● **WHAT YOU HAVE TO DO**
Pictures should be left out while the data beneath this task is written out word for word.

● **RECORDS SUPPLIED**
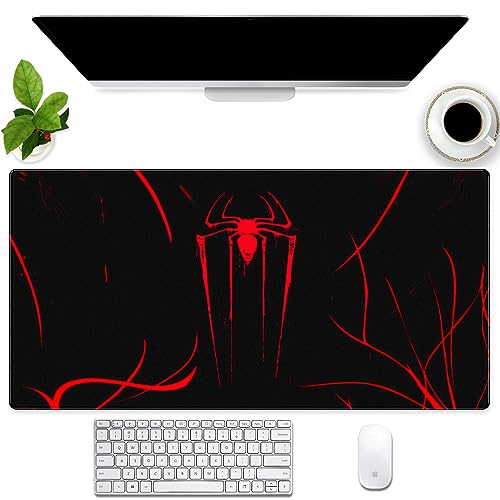 Cindasun Großes Mauspad, Spinne, Schwarz und Rot, Größe XL, für Laptop- und Tastaturspiele, langlebige genähte Kanten und Gummiunterseite von Cindasun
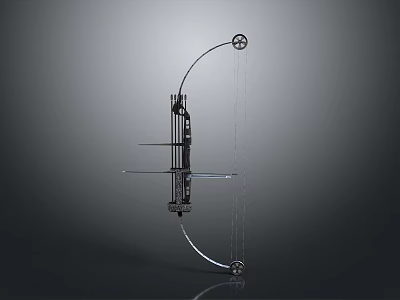 Modern Compound Bow Weapon Featuring Metallic Structure And Bowstring Design 3d model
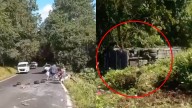 Autobús de Pasajeros Cae a Enorme Barranco en Carretera México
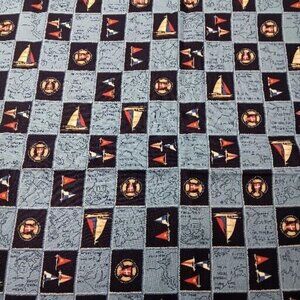 Nautical Sailboat Chart Cruise Sail Fabric Blue Sea Ocean 2 Yards x46" Craft Sew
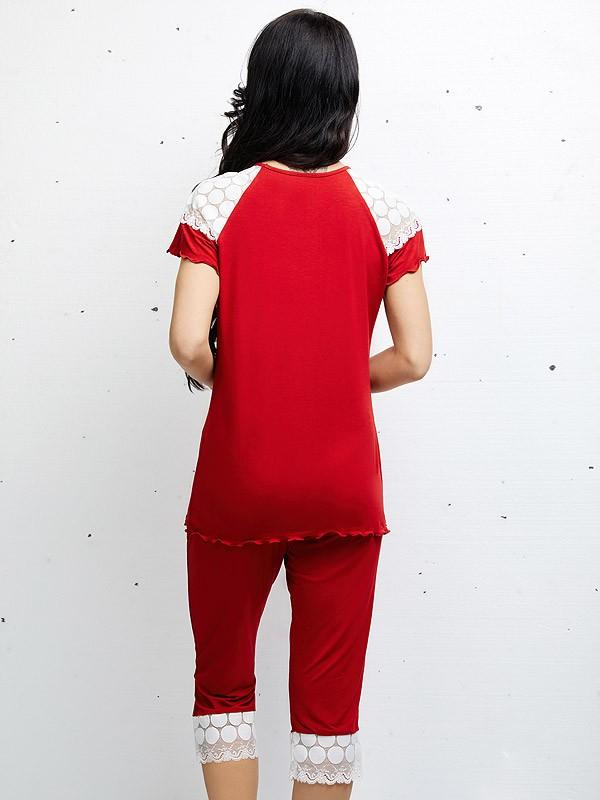 Lega viskoosist pidžaama "Vanesa Red"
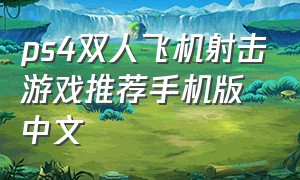ps4双人飞机射击游戏推荐手机版中文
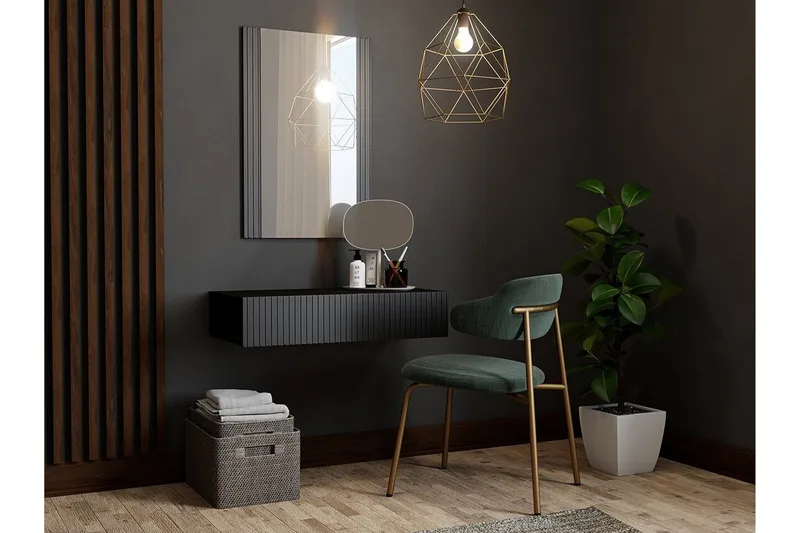 Strontian Sminkbord 80x42 cm Scandinavian Choice Black - Huonekalut - Pöytä & ruokailuryhmä - Meikki- & kampauspöydät - Meikkipöytä peilillä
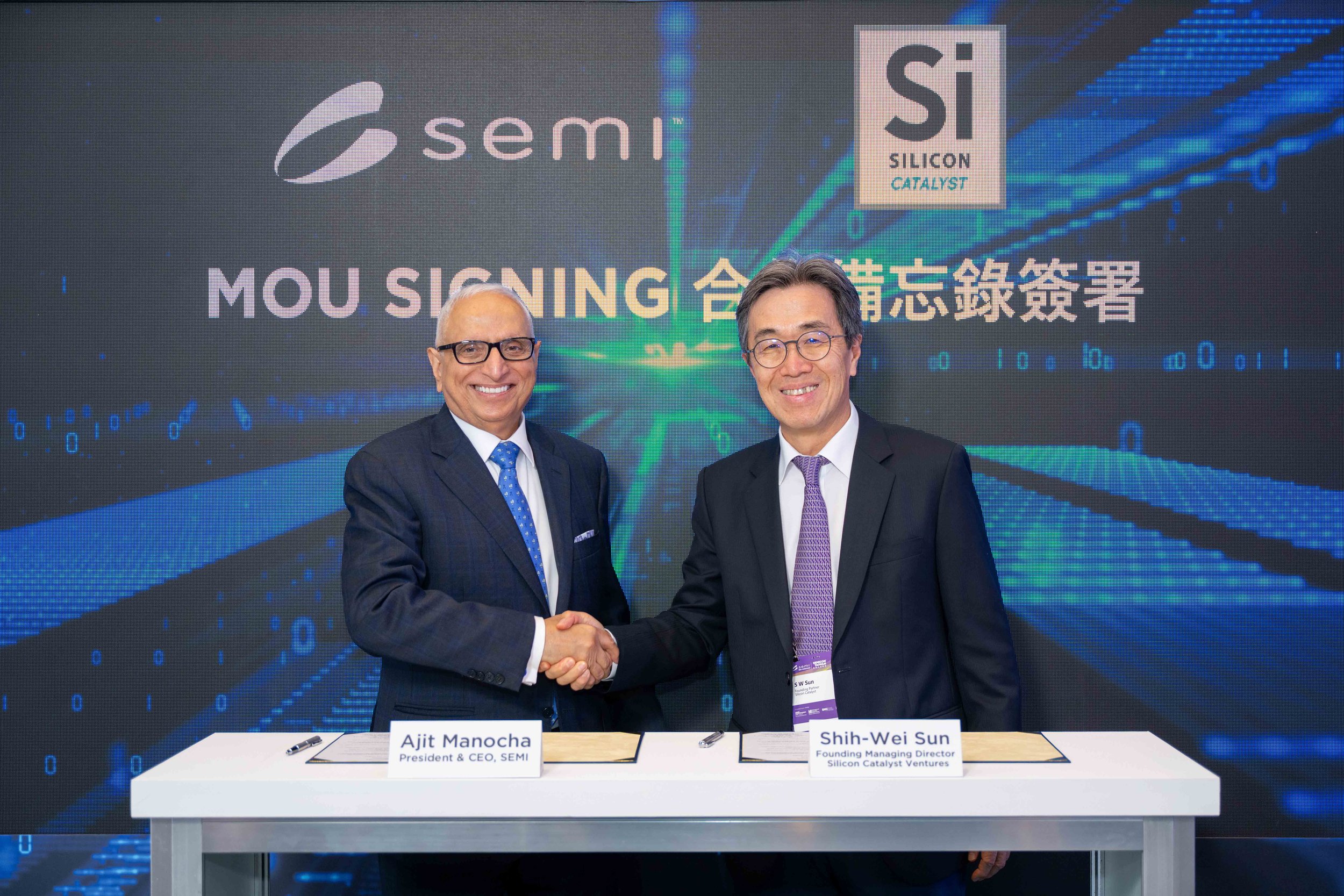 SEMI president and CEO Ajit Manocha and Silicon Catalyst Ventures founding managing director Shih-Wei Sun at their September 2026 partnership signing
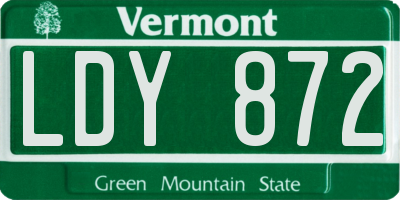 VT license plate LDY872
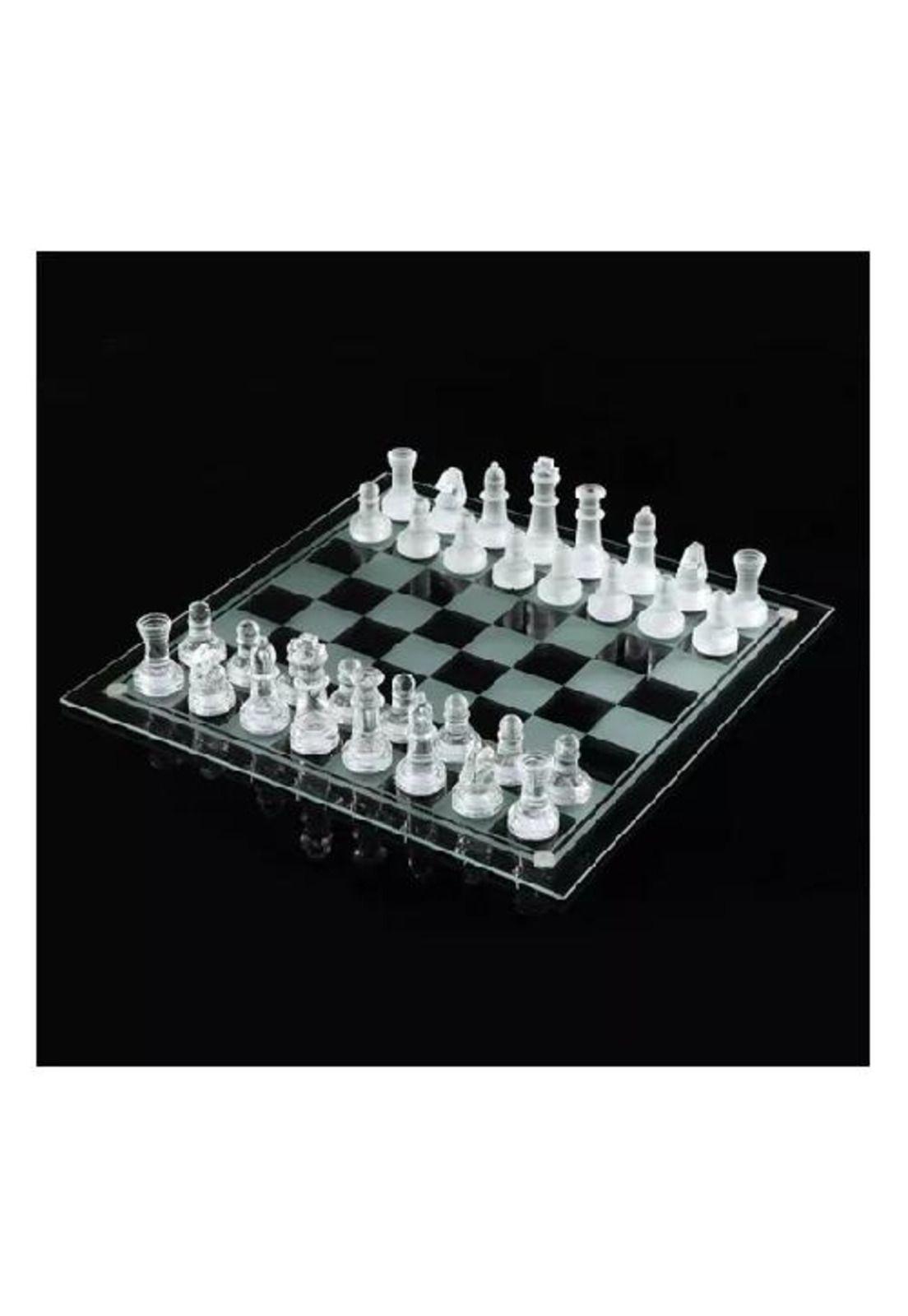 Ajedrez de cristal calidad 26x26 cm juego de mesa lujo-2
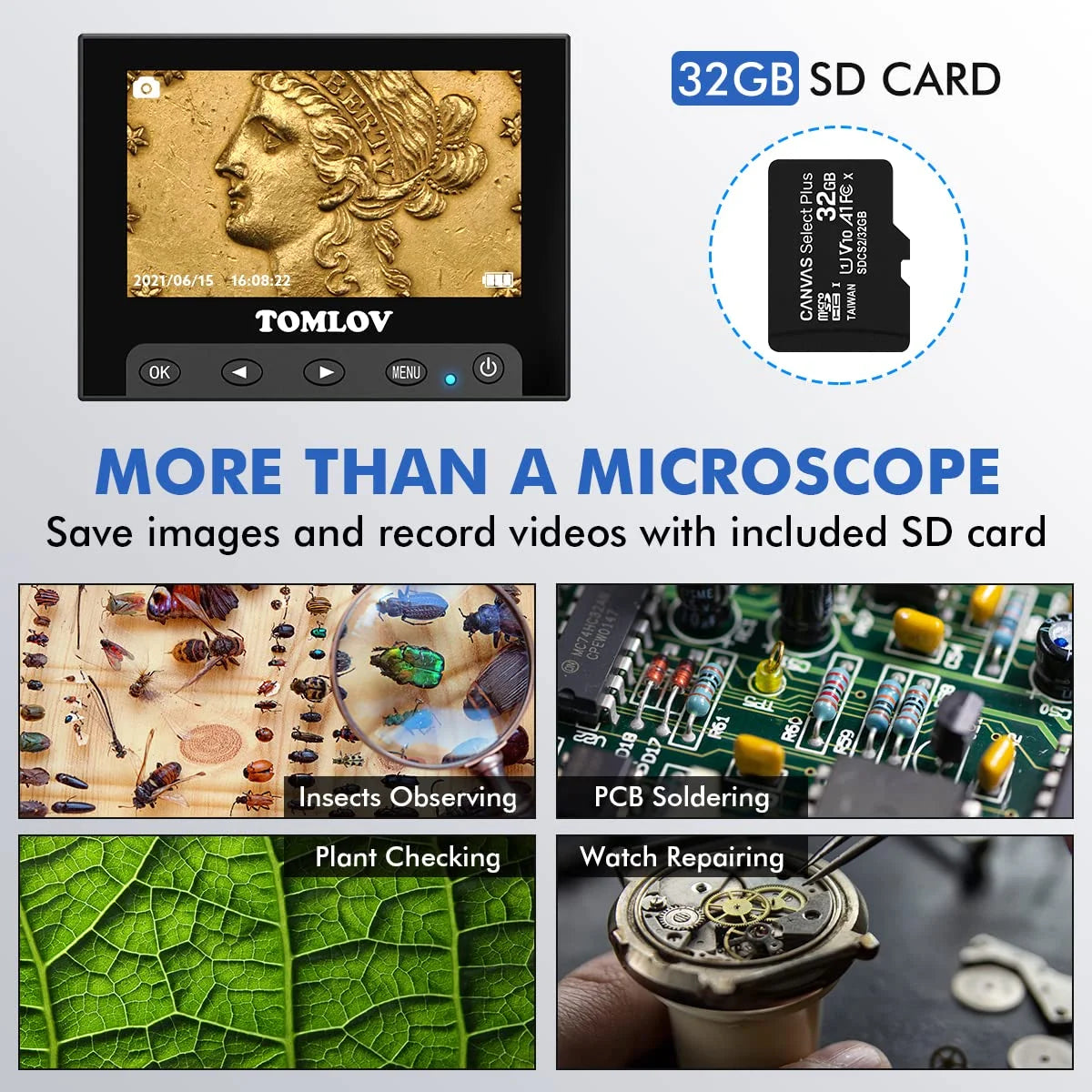 4.3" USB Digital Microscope with 10 LED Lights V163588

● **ANSWER TO THIS EXERCISE**
 Cindasun Großes Mauspad, Spinne, Schwarz und Rot, Größe XL, für Laptop- und Tastaturspiele, langlebige genähte Kanten und Gummiunterseite von Cindasun
 Modern Compound Bow Weapon Featuring Metallic Structure And Bowstring Design 3d model
 Autobús de Pasajeros Cae a Enorme Barranco en Carretera México
 Nautical Sailboat Chart Cruise Sail Fabric Blue Sea Ocean 2 Yards x46" Craft Sew
 Lega viskoosist pidžaama "Vanesa Red"
ps4双人飞机射击游戏推荐手机版中文
 Strontian Sminkbord 80x42 cm Scandinavian Choice Black - Huonekalut - Pöytä & ruokailuryhmä - Meikki- & kampauspöydät - Meikkipöytä peilillä
 SEMI president and CEO Ajit Manocha and Silicon Catalyst Ventures founding managing director Shih-Wei Sun at their September 2026 partnership signing
 VT license plate LDY872
 Ajedrez de cristal calidad 26x26 cm juego de mesa lujo-2
 4.3" USB Digital Microscope with 10 LED Lights V163588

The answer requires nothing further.